Data extract:
──────────────────────────────
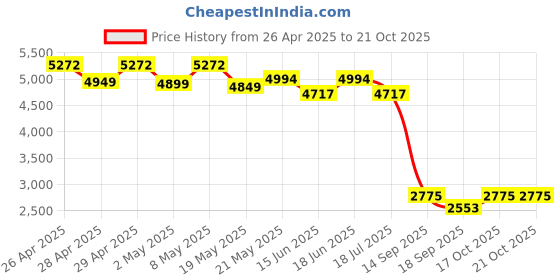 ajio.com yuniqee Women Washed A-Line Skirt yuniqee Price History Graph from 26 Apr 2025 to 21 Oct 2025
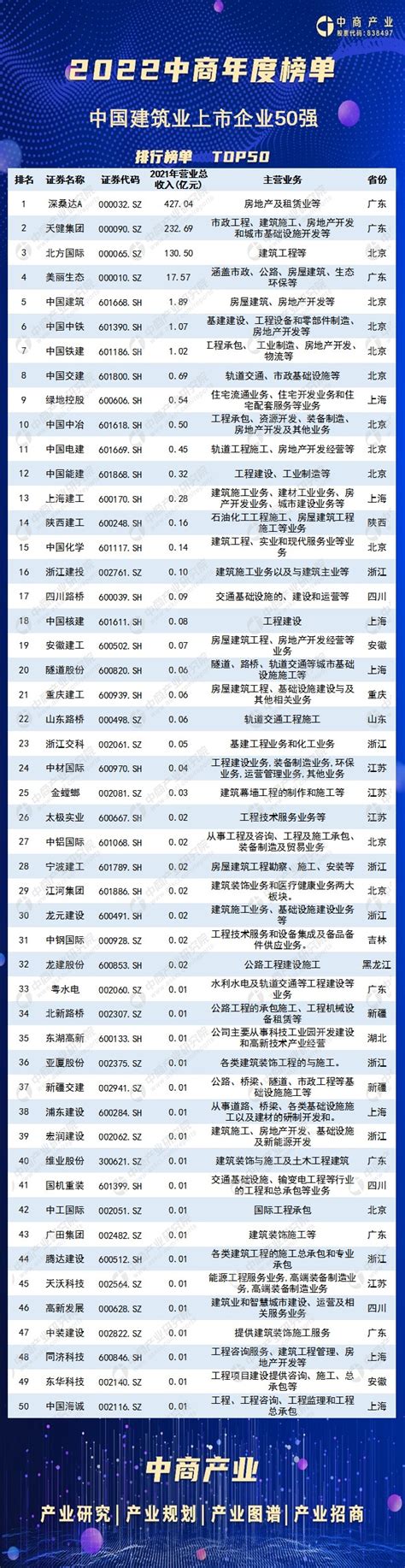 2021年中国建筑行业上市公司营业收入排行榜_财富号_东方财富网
──────────────────────────────
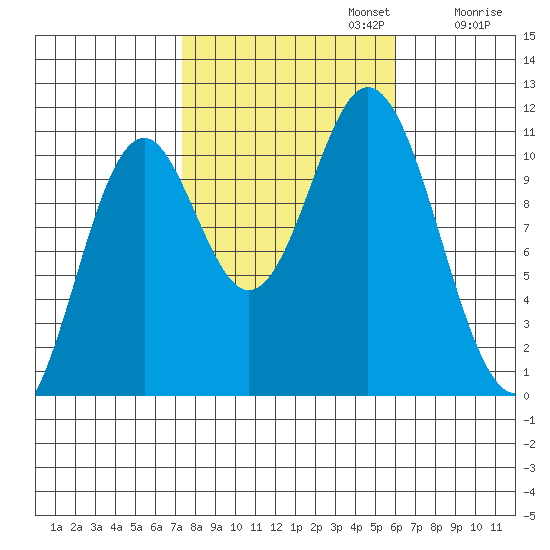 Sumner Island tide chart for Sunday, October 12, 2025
──────────────────────────────
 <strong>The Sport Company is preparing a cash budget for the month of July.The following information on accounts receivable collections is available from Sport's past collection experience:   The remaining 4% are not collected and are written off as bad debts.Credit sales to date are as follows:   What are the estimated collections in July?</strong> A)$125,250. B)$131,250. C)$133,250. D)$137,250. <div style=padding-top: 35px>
──────────────────────────────
Task statement: Only one part of the listing is wanted: the lines from the one containing "ajio.com yuniqee Women" through the one containing "2021年中国建筑行业上市公司营业收入排行榜_财富号_东方财富网", both included. Please transcribe it exactly, leaving out the pictures.

Expected output:
 ajio.com yuniqee Women Washed A-Line Skirt yuniqee Price History Graph from 26 Apr 2025 to 21 Oct 2025
 2021年中国建筑行业上市公司营业收入排行榜_财富号_东方财富网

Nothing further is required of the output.